Grilled Peach Sriracha Chicken
I don’t know how your week is going, but mine is awesome. My mom is here, and I’m doing a lot of workout classes, self-indulging, and sitting on my couch reading the news (daily mail); and not a lot of diaper changing, feeding, or baby-playing. It feels glorious. I am so lucky to have a mom that not only really rolls up her sleeves when she’s here and helps with the babies, but one that can so seamlessly take over my role. She is so good at playing with and teaching them that I would think she was an 11-month old boy at one point. She’s a real pro. So I’m going to write this post, then go back to wasting time.
This recipe came to me in the night. I woke up and thought I wanted grilled chicken with a slightly sweet but savory spicy peach glaze. So that’s what this is. If you want more spice, feel free to get heavy handed with the sriracha. The glaze is out of this world. Next time, however, I will make this with boneless skinless chicken breasts rather than the bone-in skin-on version that you see in the photo. I don’t really like eating chicken skin, and so I was really torn when the really super sweet delicious glaze was all over the skin. I would use skinless – either boneless or bone-in. GREAT summer recipe y’all.

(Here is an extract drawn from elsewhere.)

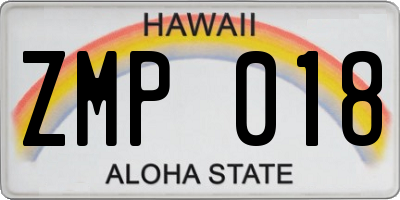 HI license plate ZMP018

- ~4-5 lb chicken pieces, skin removed (or 2-3 lb boneless chicken breasts)
- Kosher salt + pepper
- Olive oil
- 1 cup peach preserves
- 1/4 cup honey
- 1 tablespoon soy sauce
- 1/2 tablespoon Worcestershire
- 1/2 tablespoon Sriracha (more to taste)
Heat the grill to medium-high. Brush the chicken with olive oil and season with S&P. Grill the chicken until nearly done- about 7 minutes each side for the bone-in variation. Mix the glaze ingredients together, then brush on one side of the chicken, close the grill for about 3 minutes, then flip and glaze the other side. Close grill another 3-5 minutes to finish cooking and let the glaze set.